• [Instructions for the task]:
Every line between the one containing "Super figurine Pokemon" and the last line of the data, both included, is to be set down exactly, and pictures are to be omitted.

• [Dataset content]:
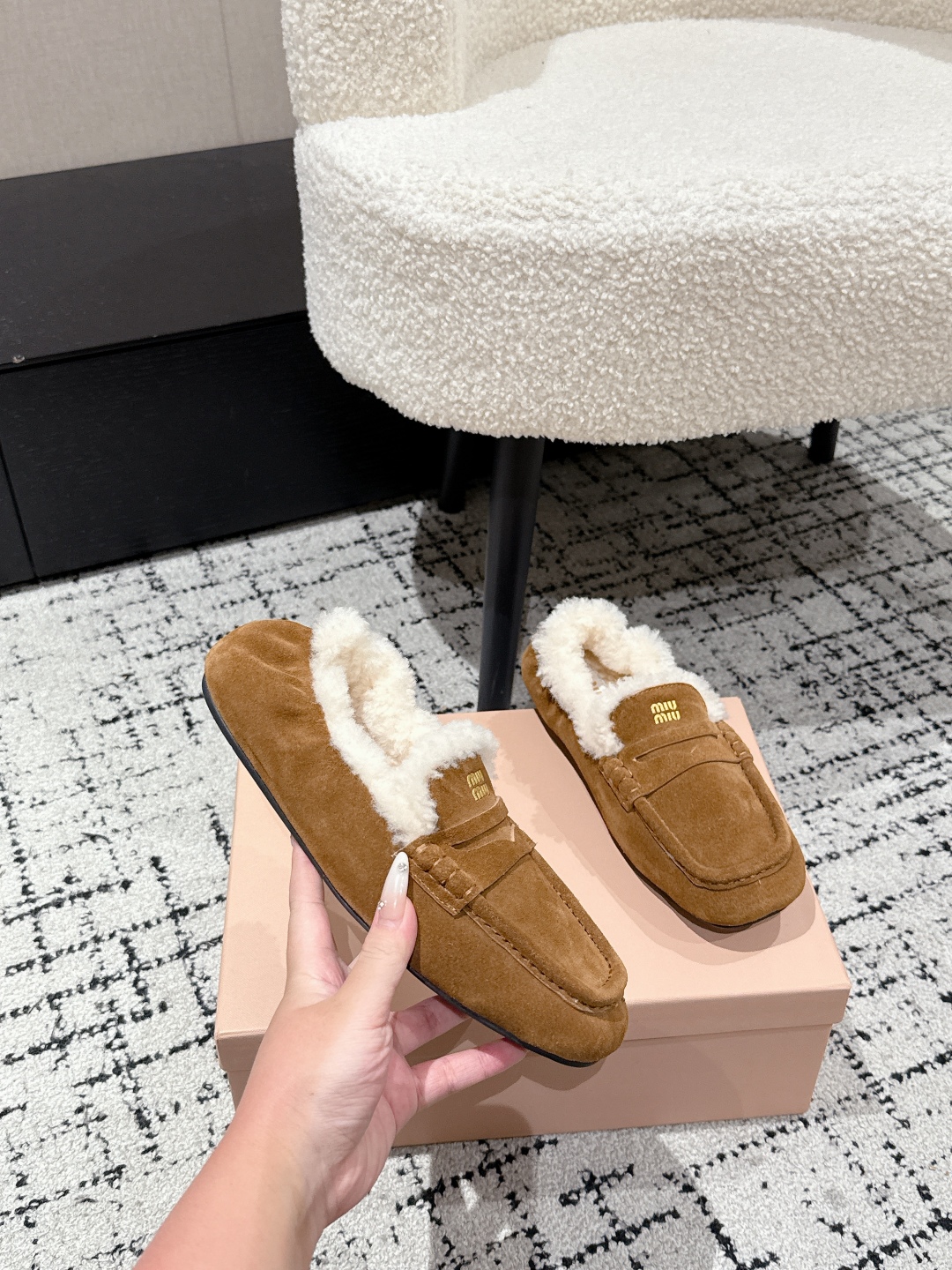 “Spring and Summer Ballet Shoes Collection: Miumiu 25 – Fresh, Lavish, and Comfortable Footwear” - 图片 5
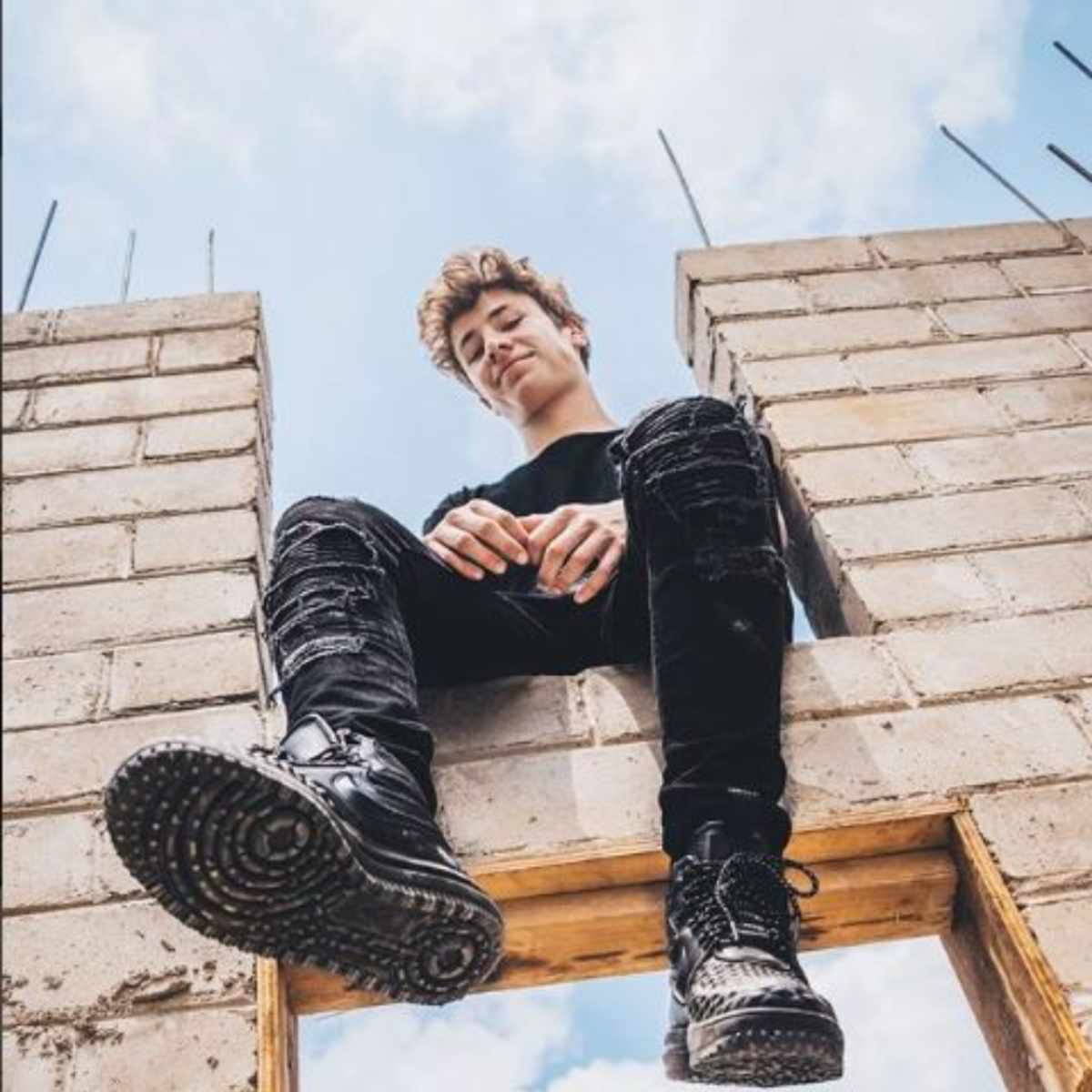 ¿Y el dinero, apá? Cuestionan a Juanpa Zurita por incumplir con proyecto para damnificados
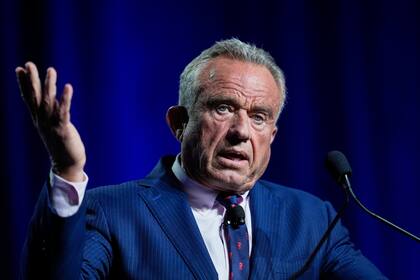 RFK Jr. relata adicción a heroína y despertar espiritual, insta a prevenir y fortalecer la comunidad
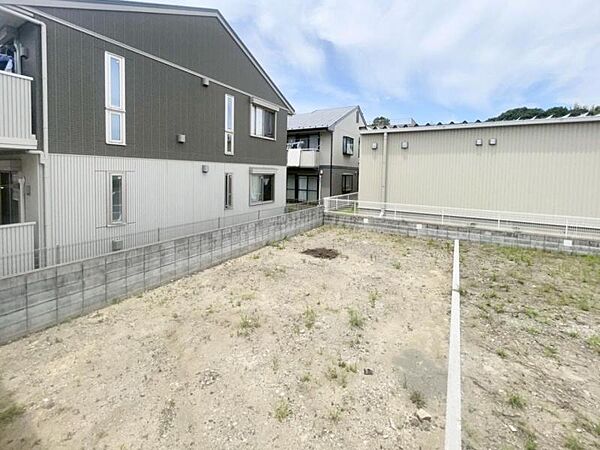 ゆとりある敷地で、理想の住まいを自由に設計できます。
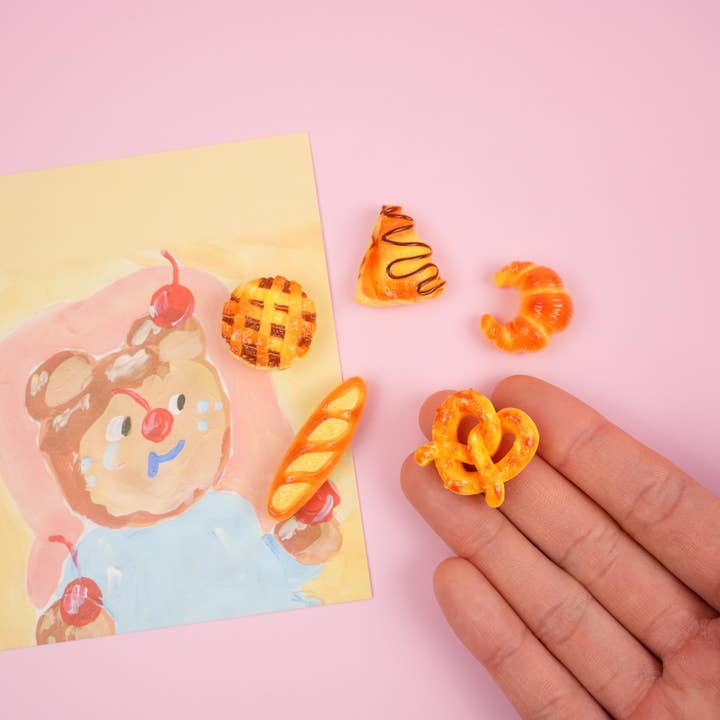 Mini Story Co - Wholesale Lapel pin/button - Bread Bakery Brooch | Baguette, Croissant, Pretzel Pins11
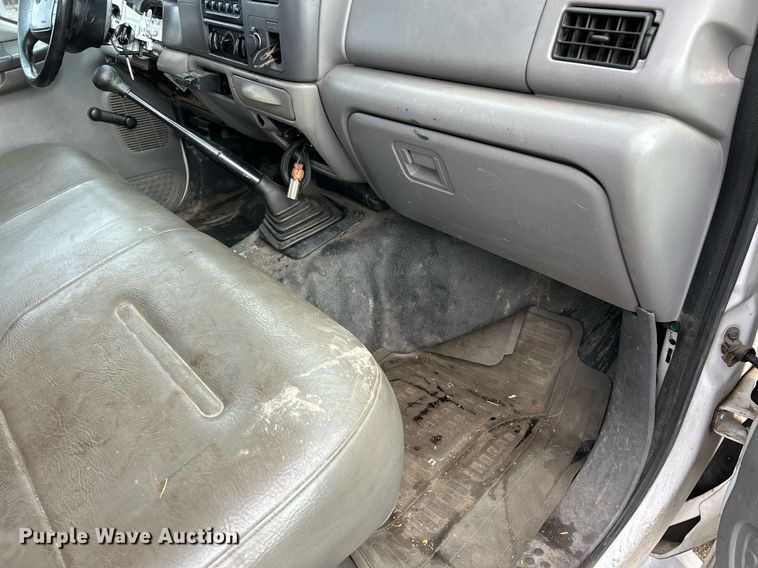 image for item NJ9564 1999 Ford F450 Super Duty XL flatbed truck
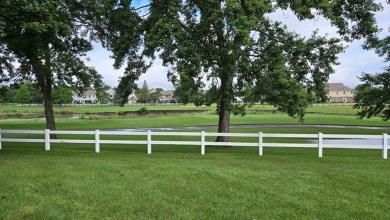Welcome to this bright and inviting 2-bedroom, 2-bath condo in on Fox Run Golf Links in Illinois - for sale on GolfHomes.com, golf home, golf lot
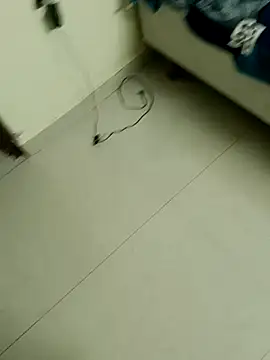 nick05inch online show from October 31, 1:01 pm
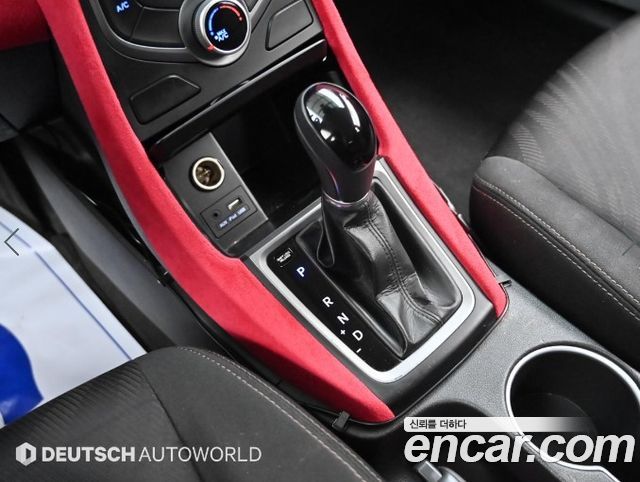 Hyundai Avante 1.6 GDi Style 2014 — фото 9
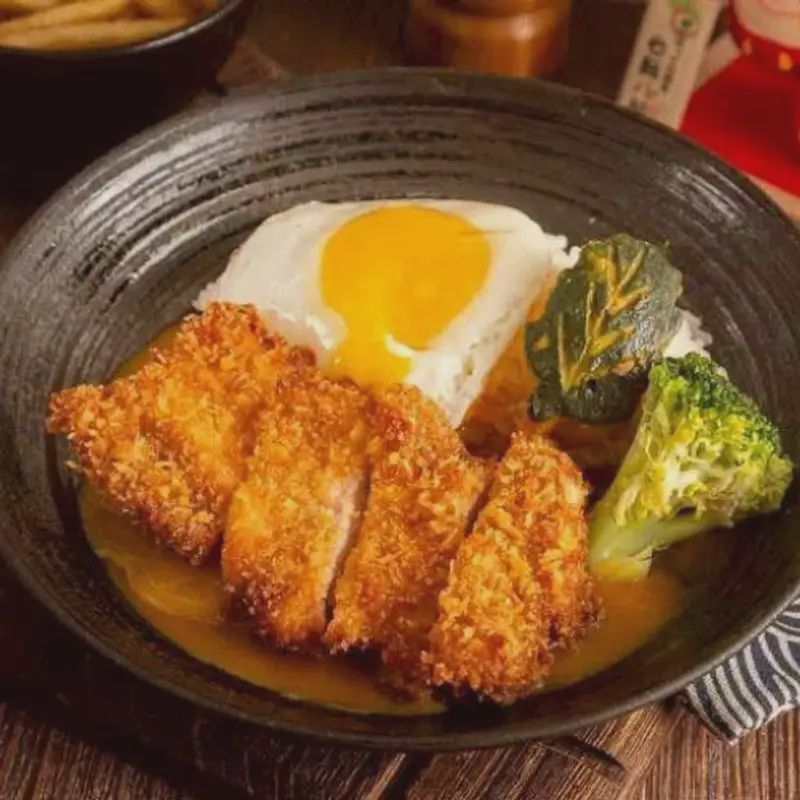 炸豬排咖哩飯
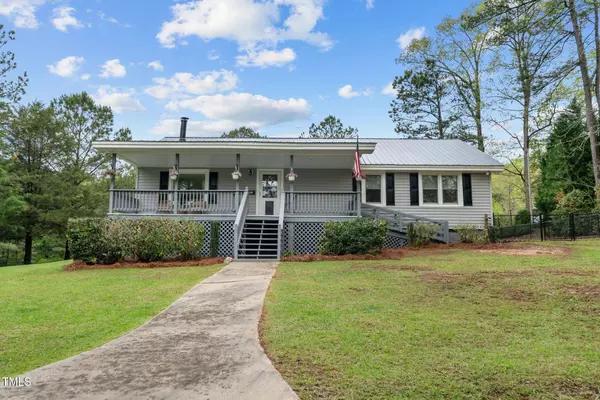 241 Holly Circle, Carthage, NC 28327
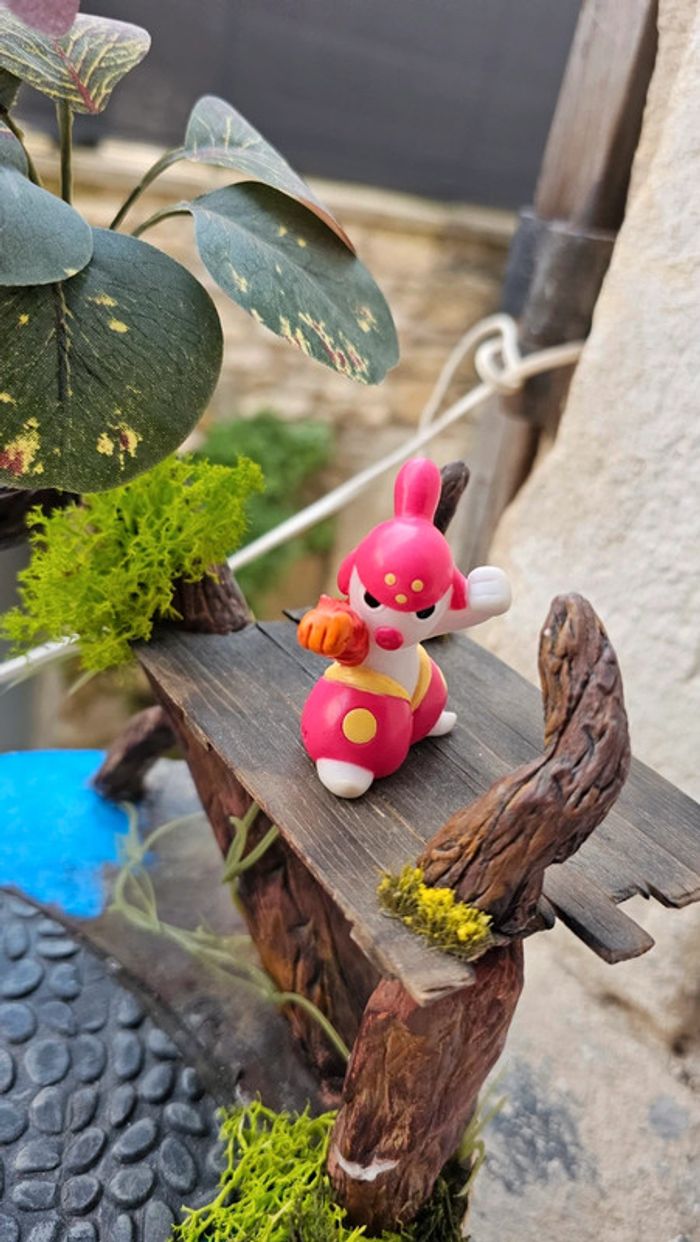 Super figurine Pokemon Nintendo finger puppet charmina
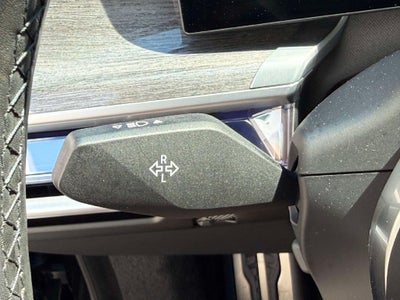 2023 BMW 7 Series 740i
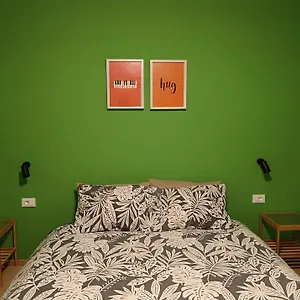 Travel Stop Apartment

• [Solution for this problem]:
 Super figurine Pokemon Nintendo finger puppet charmina
 2023 BMW 7 Series 740i
 Travel Stop Apartment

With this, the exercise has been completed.